▶ _What you should do_:
Go through the listing below and output exactly the line with "Each student has", the line with "This modern family", and each line between; omit the rest.

▶ _Dataset records_:
-- Opening Marker --

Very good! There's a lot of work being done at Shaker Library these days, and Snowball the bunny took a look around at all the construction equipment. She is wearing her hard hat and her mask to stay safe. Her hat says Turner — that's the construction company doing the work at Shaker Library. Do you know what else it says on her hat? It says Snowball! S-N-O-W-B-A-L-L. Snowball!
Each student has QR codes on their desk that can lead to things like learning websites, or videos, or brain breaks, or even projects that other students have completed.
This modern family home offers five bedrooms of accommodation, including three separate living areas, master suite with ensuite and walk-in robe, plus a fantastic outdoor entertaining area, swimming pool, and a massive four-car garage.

-- Closing Marker --
-- Opening Marker --

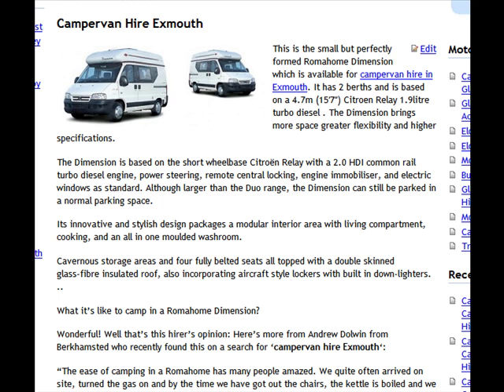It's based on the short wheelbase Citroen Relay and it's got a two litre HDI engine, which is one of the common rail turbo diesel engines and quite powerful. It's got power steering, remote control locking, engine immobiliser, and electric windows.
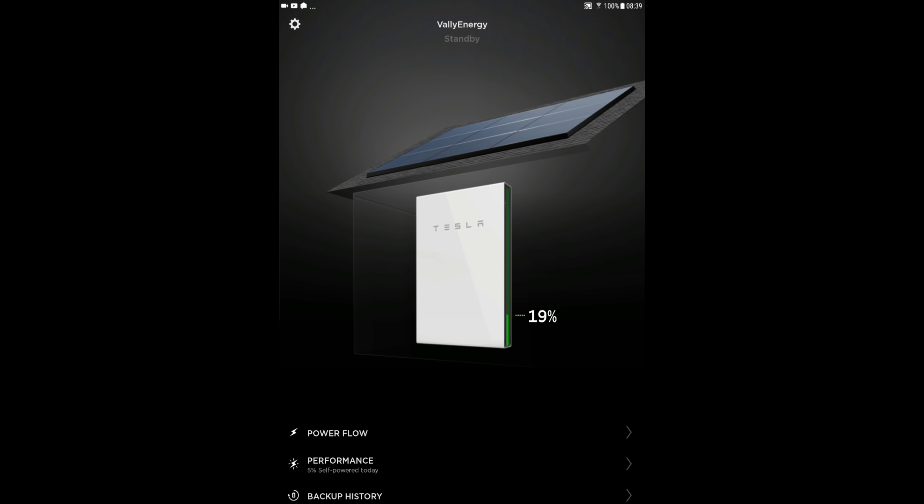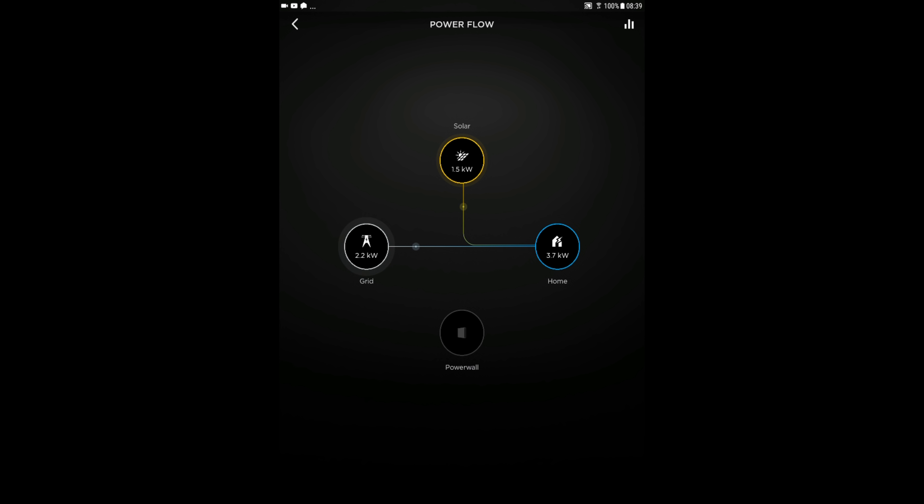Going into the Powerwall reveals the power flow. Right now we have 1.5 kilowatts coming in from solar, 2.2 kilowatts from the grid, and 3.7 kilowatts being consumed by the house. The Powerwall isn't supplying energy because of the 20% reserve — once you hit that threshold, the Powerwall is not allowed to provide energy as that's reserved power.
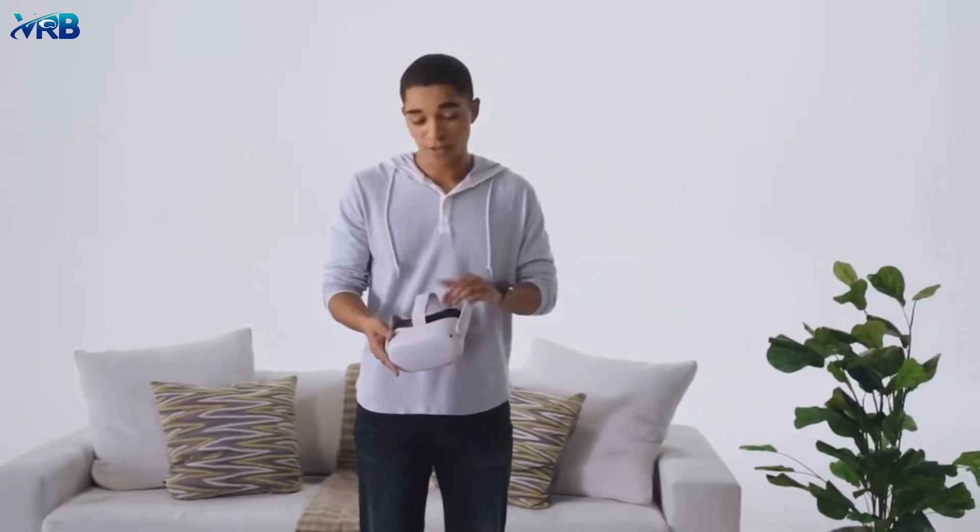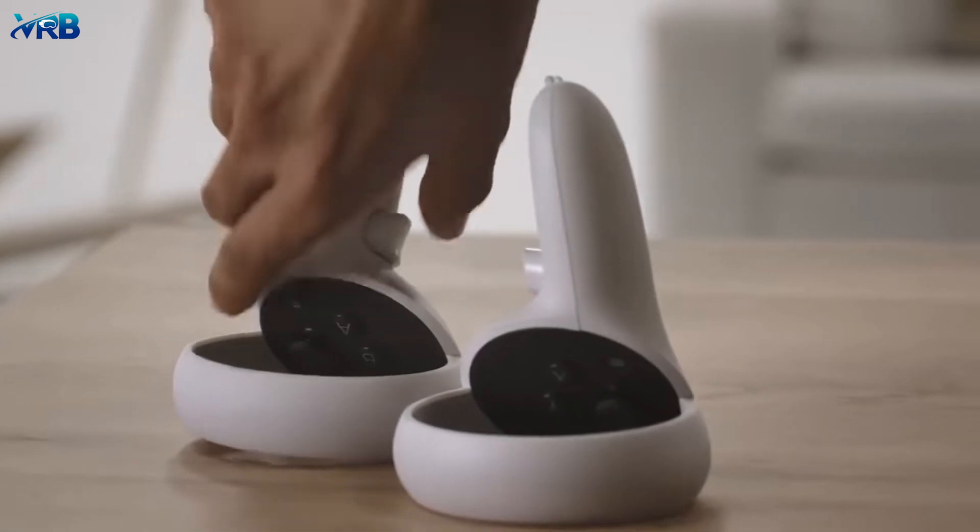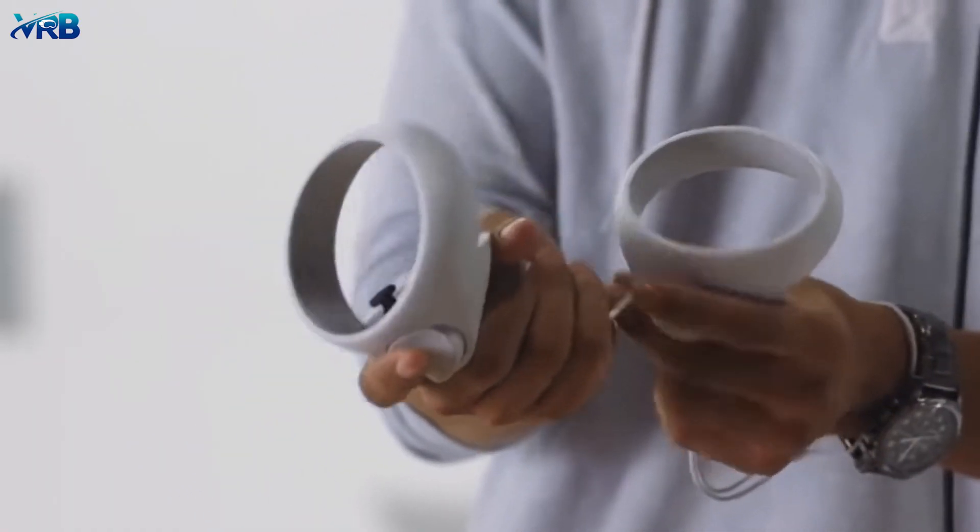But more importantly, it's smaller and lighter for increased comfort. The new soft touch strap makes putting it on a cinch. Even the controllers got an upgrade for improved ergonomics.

-- Closing Marker --

▶ _Output below_:
Each student has QR codes on their desk that can lead to things like learning websites, or videos, or brain breaks, or even projects that other students have completed.
This modern family home offers five bedrooms of accommodation, including three separate living areas, master suite with ensuite and walk-in robe, plus a fantastic outdoor entertaining area, swimming pool, and a massive four-car garage.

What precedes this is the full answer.